Duchamp’s practice played Ulysses to the fine art world, drastically altering the modernist landscape and bringing into question every previously held tenet about what art could be. We’ve come a long way technologically and conceptually since Fountain was first executed in 1917, but that isn’t to say that the lessons of Duchamp shouldn’t be at the forefront of how we currently think about contemporary art. His ethos transcended the act of creating; he once said, “I like living, breathing better than working...my art is that of living. Each second, each breath is a work which is inscribed nowhere, which is neither visual nor cerebral, it’s a sort of constant euphoria.” Around 1923, he “gave up” art to devote his time to chess, which he believed was a purer symbolic expression of living. Today’s art market has come to represent a chess game of sorts, with questions of strategy, power, and objecthood often dominating the discourse.

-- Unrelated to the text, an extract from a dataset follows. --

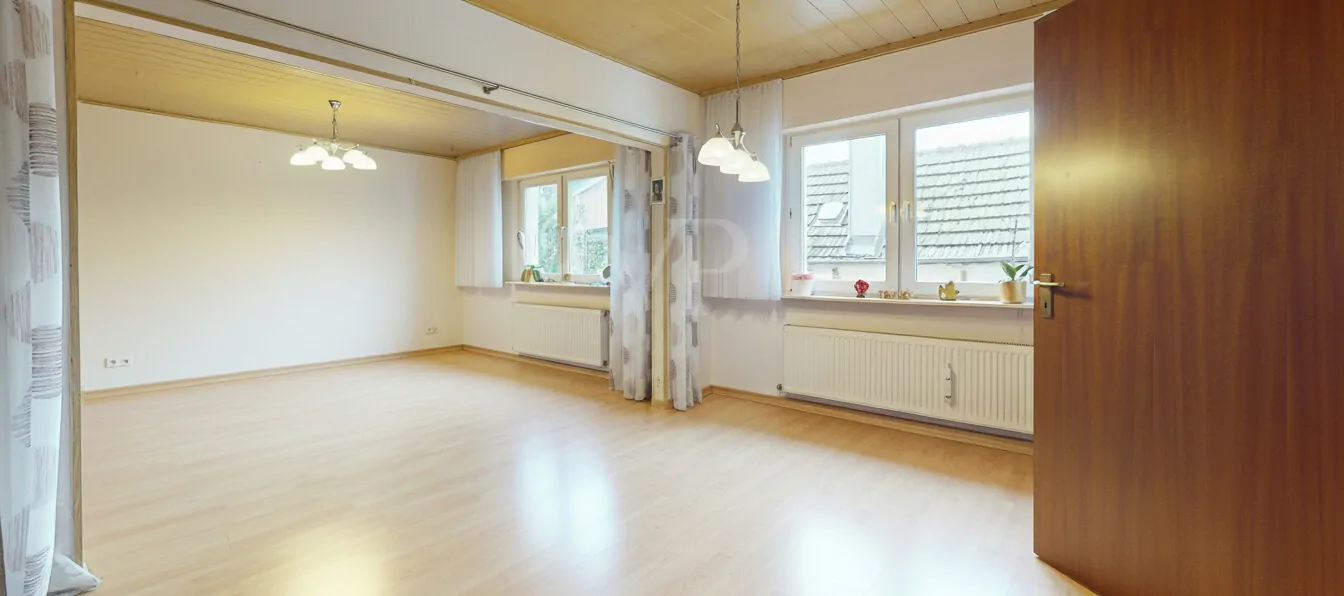 Essbereich - KI-generierte, leergeräumte Darstellung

Worth noting is the show’s inclusion of Duchamp’s Mona Lisa readymade, adorned with a little mustache and the title L.H.O.O.Q. When read in French, the letters roughly pronounce, “She has a hot ass.” Fast-forward to Urs Fischer and Maurizio Cattelan; it’s difficult to find a conceptualist today who doesn’t use some sort of subtextual humor or ironic distance in their execution. Duchamp elevated ordinary objects to the realm of high art but iconoclasm was his real specialty. As we approach the 100-year anniversary of Fountain, let us ask ourselves where we can take things from here. Revisiting Duchamp’s readymades in a gallery setting allows us to ponder the next great creative revolution.
Note: Images are sourced from alternate editions of the works included in the Gagosian show and referenced in the article. Versions of the works may vary.
“Marcel Duchamp” is on view at Gagosian Gallery, 980 Madison Ave., New York, June 26 to August 8, 2014.